The Voynich Ninja
Number of syllables distribution - Printable Version

+- The Voynich Ninja (https://www.voynich.ninja)
+-- Forum: Voynich Research (https://www.voynich.ninja/forum-27.html)
+--- Forum: Analysis of the text (https://www.voynich.ninja/forum-41.html)
+--- Thread: Number of syllables distribution (/thread-2741.html)

Pages: 1 2 3 4 5 6


RE: Number of syllables distribution - Emma May Smith - 21-04-2019

(21-04-2019, 06:24 AM)ReneZ Wrote: You are not allowed to view links. Register or Login to view.Well, given that for two representative known plain texts, one in Latin and one in middle Dutch, the syllable count is quite different, there is a rather wide range of syllable counts that could be considered 'normal'.

We don't know what are the vowels in Voynichese, but it is clear that we can choose them such that the resulting syllable count is within this normal range. In fact, different definitions lead to quite different distributions.

From what I read, Emma did not choose her vowels/consonants in order to achieve a 'normal' syllable count, but the process in this thread seems to have involved some tuning, thereby ending up close to Latin.

This is clearly a basic but worthwhile outcome: a) a fairly simple definition of "syllable" is achievable which results in b) a naturalistic syllable-per-word distribution. It doesn't prove much about linguistic theories, but it shows that there's no real problem in this regard. Nor is there a lack of "short" words.

I think there's a lot more work we could do with these potential "syllables", however, to turn them into something upon which deeper analysis can be built.


RE: Number of syllables distribution - ReneZ - 21-04-2019

Indeed, there is no lack of short words, but rather of long words, although that second point is not too severe.

I believe I already put a link to Stolfi's page on the word length distribution, but it surely does no harm to repeat it.

You are not allowed to view links. Register or Login to view.

In the very first plot, we already see that there is a slight difference between normal text and labels.


RE: Number of syllables distribution - Antonio García Jiménez - 21-04-2019

It seems that Stolfi believed that the 'words' were "numbers rather than linguistic entities", and the script a kind of nomenclator.


RE: Number of syllables distribution - Koen G - 27-04-2019

(15-04-2019, 08:01 PM)bi3mw Wrote: You are not allowed to view links. Register or Login to view.Made quickly, but should fit.

You are not allowed to view links. Register or Login to view.

Another request, could someone generate a list like this but with Currier A and B separated?
Edit: ideally I'd need them from a standardized sample size. Is it possible to generate a word list of say the first 10k words of each "language"?


RE: Number of syllables distribution - ReneZ - 27-04-2019

10k is quite a bit too much.

All words (word types) that occur only once in the MS are by definition part of only one language just by chance.
Similarly, all words that occur only twice may end up in the same language just by chance, at a 50% probability.
(This is simplified, based on a model that half the text is language A and the other half is language B. Therefore, the numbers are qualitative, but not far off).

For all words that occur only three times in the MS, the probability that they are all in the same language just by chance is 25%.

One may decide where to put the limit, but one clearly should look only at words that occur at least 3 or 4, perhaps even more times. That greatly reduces the number of word types that should be used for such an analysis.


RE: Number of syllables distribution - Koen G - 28-04-2019

Rene: I'm also considering the more general problem of type to token ratio (TTR). In this case, it is necessary to include also unique words. But the corpus size must be standardized. I don't know yet what the ideal size would be. I reckon there should be a sweet spot somewhere.

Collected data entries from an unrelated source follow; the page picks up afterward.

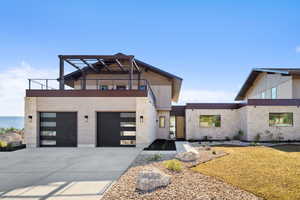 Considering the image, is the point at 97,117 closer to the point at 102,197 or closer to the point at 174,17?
the point at 102,197

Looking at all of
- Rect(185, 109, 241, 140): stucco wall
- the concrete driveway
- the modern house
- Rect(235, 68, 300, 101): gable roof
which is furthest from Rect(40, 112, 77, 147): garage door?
Rect(235, 68, 300, 101): gable roof

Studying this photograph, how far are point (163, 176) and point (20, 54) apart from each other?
15.6 meters

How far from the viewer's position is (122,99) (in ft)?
35.3

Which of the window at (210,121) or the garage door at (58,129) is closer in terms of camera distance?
the garage door at (58,129)

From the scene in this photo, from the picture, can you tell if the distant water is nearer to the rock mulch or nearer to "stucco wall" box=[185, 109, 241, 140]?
"stucco wall" box=[185, 109, 241, 140]

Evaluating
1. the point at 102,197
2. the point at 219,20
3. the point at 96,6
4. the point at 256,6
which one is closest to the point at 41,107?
the point at 96,6

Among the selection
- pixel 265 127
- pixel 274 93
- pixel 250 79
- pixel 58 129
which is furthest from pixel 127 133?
pixel 250 79

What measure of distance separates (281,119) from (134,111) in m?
11.5

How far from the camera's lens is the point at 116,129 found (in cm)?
1084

You think rather less than 10k words?


RE: Number of syllables distribution - MarcoP - 28-04-2019

Hi Koen,
the attached files are based on the ZL transcription. The "with comma" file considers uncertain spaces between words, while "no comma" ignores them.  Only the first 10K words from each of A and B were processed. The "no comma" version appears to be closer to the results (based on Currier's transcription) that Rene discussed You are not allowed to view links. Register or Login to view. ("Clustering" paragraph).

It is possible I have made errors, so please check if the numbers appear to be make sense.

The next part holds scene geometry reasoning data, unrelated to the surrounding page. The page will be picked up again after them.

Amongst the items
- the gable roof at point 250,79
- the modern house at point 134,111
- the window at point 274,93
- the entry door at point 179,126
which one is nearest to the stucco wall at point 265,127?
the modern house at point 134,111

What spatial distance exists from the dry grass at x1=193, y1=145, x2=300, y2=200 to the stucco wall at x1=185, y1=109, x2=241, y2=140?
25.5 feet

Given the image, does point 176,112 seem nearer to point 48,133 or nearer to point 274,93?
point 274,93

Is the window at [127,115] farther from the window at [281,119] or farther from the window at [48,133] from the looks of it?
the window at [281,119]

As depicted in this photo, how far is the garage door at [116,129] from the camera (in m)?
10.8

RE: Number of syllables distribution - Koen G - 28-04-2019

Perfect, thanks!


RE: Number of syllables distribution - ReneZ - 29-04-2019

My last post in this thread may be a bit confusing.

One has to distinguish between, on the one hand:
- words that appear on pages that are classified as A or B

and on the other hand:
- A language words vs. B language words.

This is because there are many words that are common to both languages. This means: words that appear  both on A language pages and on B language pages. Then there are more words that are 'typically B language' than words that are 'typically A language'.


RE: Number of syllables distribution - Emma May Smith - 29-04-2019

I wonder if there are such things as A and B syllables? Or A and B combinations of syllables?

We could really open a new area here.